__Problem description__
Retype each record shown below, leaving every character as it is.

<<<<

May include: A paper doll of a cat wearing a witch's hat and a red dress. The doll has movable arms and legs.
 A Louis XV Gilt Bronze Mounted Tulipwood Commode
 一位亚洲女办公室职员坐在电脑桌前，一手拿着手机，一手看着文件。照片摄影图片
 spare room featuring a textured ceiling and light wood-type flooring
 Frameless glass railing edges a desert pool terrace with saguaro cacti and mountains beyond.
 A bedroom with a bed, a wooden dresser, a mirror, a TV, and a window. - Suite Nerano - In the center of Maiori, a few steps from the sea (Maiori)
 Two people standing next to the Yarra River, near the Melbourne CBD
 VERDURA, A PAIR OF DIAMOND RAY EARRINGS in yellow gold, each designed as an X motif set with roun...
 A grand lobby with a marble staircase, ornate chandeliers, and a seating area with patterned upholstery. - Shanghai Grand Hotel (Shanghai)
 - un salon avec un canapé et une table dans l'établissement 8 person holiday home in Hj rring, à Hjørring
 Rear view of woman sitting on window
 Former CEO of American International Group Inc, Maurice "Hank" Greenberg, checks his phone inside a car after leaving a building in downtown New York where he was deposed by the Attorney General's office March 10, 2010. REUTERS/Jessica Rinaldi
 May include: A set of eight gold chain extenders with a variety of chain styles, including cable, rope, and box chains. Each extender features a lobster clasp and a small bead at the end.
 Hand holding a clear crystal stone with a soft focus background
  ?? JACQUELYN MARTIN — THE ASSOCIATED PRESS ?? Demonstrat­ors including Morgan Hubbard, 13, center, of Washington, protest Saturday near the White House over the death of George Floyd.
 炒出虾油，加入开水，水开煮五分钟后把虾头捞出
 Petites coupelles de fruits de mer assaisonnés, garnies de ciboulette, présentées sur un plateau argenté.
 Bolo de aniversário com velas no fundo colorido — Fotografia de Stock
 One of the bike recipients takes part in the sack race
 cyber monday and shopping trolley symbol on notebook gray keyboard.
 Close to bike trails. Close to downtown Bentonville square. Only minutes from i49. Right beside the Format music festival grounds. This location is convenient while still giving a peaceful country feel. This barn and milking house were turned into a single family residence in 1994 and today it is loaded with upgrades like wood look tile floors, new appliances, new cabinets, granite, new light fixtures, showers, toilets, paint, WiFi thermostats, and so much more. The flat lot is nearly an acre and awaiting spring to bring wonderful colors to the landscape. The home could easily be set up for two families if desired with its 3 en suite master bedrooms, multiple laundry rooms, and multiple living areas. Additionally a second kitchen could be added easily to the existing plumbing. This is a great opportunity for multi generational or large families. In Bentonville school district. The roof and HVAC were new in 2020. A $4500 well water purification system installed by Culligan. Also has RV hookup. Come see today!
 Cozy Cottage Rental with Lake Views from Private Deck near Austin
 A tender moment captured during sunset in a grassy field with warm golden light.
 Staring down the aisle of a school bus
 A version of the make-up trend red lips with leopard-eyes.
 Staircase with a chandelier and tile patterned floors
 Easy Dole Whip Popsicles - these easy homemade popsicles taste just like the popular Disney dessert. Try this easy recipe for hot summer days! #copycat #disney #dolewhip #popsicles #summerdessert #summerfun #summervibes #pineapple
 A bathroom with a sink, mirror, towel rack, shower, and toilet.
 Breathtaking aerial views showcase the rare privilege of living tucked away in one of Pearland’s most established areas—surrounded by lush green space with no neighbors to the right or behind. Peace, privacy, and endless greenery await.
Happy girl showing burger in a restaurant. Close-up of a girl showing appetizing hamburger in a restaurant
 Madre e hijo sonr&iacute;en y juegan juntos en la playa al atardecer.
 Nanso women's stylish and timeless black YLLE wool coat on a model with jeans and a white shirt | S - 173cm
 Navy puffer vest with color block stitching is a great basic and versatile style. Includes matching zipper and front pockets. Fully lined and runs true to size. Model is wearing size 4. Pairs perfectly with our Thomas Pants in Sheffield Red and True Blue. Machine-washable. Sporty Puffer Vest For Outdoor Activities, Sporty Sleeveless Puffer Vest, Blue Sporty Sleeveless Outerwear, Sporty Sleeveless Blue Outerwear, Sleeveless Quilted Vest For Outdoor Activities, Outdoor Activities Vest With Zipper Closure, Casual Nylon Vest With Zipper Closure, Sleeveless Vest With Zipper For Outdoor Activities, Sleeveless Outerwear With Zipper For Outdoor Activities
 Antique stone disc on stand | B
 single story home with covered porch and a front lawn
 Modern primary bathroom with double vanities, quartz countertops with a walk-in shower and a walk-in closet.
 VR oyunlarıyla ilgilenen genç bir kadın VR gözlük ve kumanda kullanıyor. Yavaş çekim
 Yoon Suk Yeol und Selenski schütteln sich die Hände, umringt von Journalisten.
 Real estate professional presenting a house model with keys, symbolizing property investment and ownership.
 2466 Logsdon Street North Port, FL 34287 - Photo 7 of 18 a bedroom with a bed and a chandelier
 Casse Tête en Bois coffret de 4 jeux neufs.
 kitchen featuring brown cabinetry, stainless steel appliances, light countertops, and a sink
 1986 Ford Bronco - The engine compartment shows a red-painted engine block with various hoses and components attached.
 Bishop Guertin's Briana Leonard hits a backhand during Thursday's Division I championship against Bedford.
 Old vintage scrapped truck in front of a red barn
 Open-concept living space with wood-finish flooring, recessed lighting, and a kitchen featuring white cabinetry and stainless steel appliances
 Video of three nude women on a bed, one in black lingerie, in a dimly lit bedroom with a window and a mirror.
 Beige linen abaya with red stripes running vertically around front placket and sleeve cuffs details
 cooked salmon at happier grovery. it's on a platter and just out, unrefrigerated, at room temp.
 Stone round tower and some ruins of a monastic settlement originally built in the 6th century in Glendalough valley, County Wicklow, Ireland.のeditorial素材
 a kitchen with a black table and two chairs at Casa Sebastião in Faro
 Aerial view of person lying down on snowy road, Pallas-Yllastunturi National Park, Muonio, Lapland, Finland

>>>>

__Answer section__
May include: A paper doll of a cat wearing a witch's hat and a red dress. The doll has movable arms and legs.
 A Louis XV Gilt Bronze Mounted Tulipwood Commode
 一位亚洲女办公室职员坐在电脑桌前，一手拿着手机，一手看着文件。照片摄影图片
 spare room featuring a textured ceiling and light wood-type flooring
 Frameless glass railing edges a desert pool terrace with saguaro cacti and mountains beyond.
 A bedroom with a bed, a wooden dresser, a mirror, a TV, and a window. - Suite Nerano - In the center of Maiori, a few steps from the sea (Maiori)
 Two people standing next to the Yarra River, near the Melbourne CBD
 VERDURA, A PAIR OF DIAMOND RAY EARRINGS in yellow gold, each designed as an X motif set with roun...
 A grand lobby with a marble staircase, ornate chandeliers, and a seating area with patterned upholstery. - Shanghai Grand Hotel (Shanghai)
 - un salon avec un canapé et une table dans l'établissement 8 person holiday home in Hj rring, à Hjørring
 Rear view of woman sitting on window
 Former CEO of American International Group Inc, Maurice "Hank" Greenberg, checks his phone inside a car after leaving a building in downtown New York where he was deposed by the Attorney General's office March 10, 2010. REUTERS/Jessica Rinaldi
 May include: A set of eight gold chain extenders with a variety of chain styles, including cable, rope, and box chains. Each extender features a lobster clasp and a small bead at the end.
 Hand holding a clear crystal stone with a soft focus background
  ?? JACQUELYN MARTIN — THE ASSOCIATED PRESS ?? Demonstrat­ors including Morgan Hubbard, 13, center, of Washington, protest Saturday near the White House over the death of George Floyd.
 炒出虾油，加入开水，水开煮五分钟后把虾头捞出
 Petites coupelles de fruits de mer assaisonnés, garnies de ciboulette, présentées sur un plateau argenté.
 Bolo de aniversário com velas no fundo colorido — Fotografia de Stock
 One of the bike recipients takes part in the sack race
 cyber monday and shopping trolley symbol on notebook gray keyboard.
 Close to bike trails. Close to downtown Bentonville square. Only minutes from i49. Right beside the Format music festival grounds. This location is convenient while still giving a peaceful country feel. This barn and milking house were turned into a single family residence in 1994 and today it is loaded with upgrades like wood look tile floors, new appliances, new cabinets, granite, new light fixtures, showers, toilets, paint, WiFi thermostats, and so much more. The flat lot is nearly an acre and awaiting spring to bring wonderful colors to the landscape. The home could easily be set up for two families if desired with its 3 en suite master bedrooms, multiple laundry rooms, and multiple living areas. Additionally a second kitchen could be added easily to the existing plumbing. This is a great opportunity for multi generational or large families. In Bentonville school district. The roof and HVAC were new in 2020. A $4500 well water purification system installed by Culligan. Also has RV hookup. Come see today!
 Cozy Cottage Rental with Lake Views from Private Deck near Austin
 A tender moment captured during sunset in a grassy field with warm golden light.
 Staring down the aisle of a school bus
 A version of the make-up trend red lips with leopard-eyes.
 Staircase with a chandelier and tile patterned floors
 Easy Dole Whip Popsicles - these easy homemade popsicles taste just like the popular Disney dessert. Try this easy recipe for hot summer days! #copycat #disney #dolewhip #popsicles #summerdessert #summerfun #summervibes #pineapple
 A bathroom with a sink, mirror, towel rack, shower, and toilet.
 Breathtaking aerial views showcase the rare privilege of living tucked away in one of Pearland’s most established areas—surrounded by lush green space with no neighbors to the right or behind. Peace, privacy, and endless greenery await.
Happy girl showing burger in a restaurant. Close-up of a girl showing appetizing hamburger in a restaurant
 Madre e hijo sonr&iacute;en y juegan juntos en la playa al atardecer.
 Nanso women's stylish and timeless black YLLE wool coat on a model with jeans and a white shirt | S - 173cm
 Navy puffer vest with color block stitching is a great basic and versatile style. Includes matching zipper and front pockets. Fully lined and runs true to size. Model is wearing size 4. Pairs perfectly with our Thomas Pants in Sheffield Red and True Blue. Machine-washable. Sporty Puffer Vest For Outdoor Activities, Sporty Sleeveless Puffer Vest, Blue Sporty Sleeveless Outerwear, Sporty Sleeveless Blue Outerwear, Sleeveless Quilted Vest For Outdoor Activities, Outdoor Activities Vest With Zipper Closure, Casual Nylon Vest With Zipper Closure, Sleeveless Vest With Zipper For Outdoor Activities, Sleeveless Outerwear With Zipper For Outdoor Activities
 Antique stone disc on stand | B
 single story home with covered porch and a front lawn
 Modern primary bathroom with double vanities, quartz countertops with a walk-in shower and a walk-in closet.
 VR oyunlarıyla ilgilenen genç bir kadın VR gözlük ve kumanda kullanıyor. Yavaş çekim
 Yoon Suk Yeol und Selenski schütteln sich die Hände, umringt von Journalisten.
 Real estate professional presenting a house model with keys, symbolizing property investment and ownership.
 2466 Logsdon Street North Port, FL 34287 - Photo 7 of 18 a bedroom with a bed and a chandelier
 Casse Tête en Bois coffret de 4 jeux neufs.
 kitchen featuring brown cabinetry, stainless steel appliances, light countertops, and a sink
 1986 Ford Bronco - The engine compartment shows a red-painted engine block with various hoses and components attached.
 Bishop Guertin's Briana Leonard hits a backhand during Thursday's Division I championship against Bedford.
 Old vintage scrapped truck in front of a red barn
 Open-concept living space with wood-finish flooring, recessed lighting, and a kitchen featuring white cabinetry and stainless steel appliances
 Video of three nude women on a bed, one in black lingerie, in a dimly lit bedroom with a window and a mirror.
 Beige linen abaya with red stripes running vertically around front placket and sleeve cuffs details
 cooked salmon at happier grovery. it's on a platter and just out, unrefrigerated, at room temp.
 Stone round tower and some ruins of a monastic settlement originally built in the 6th century in Glendalough valley, County Wicklow, Ireland.のeditorial素材
 a kitchen with a black table and two chairs at Casa Sebastião in Faro
 Aerial view of person lying down on snowy road, Pallas-Yllastunturi National Park, Muonio, Lapland, Finland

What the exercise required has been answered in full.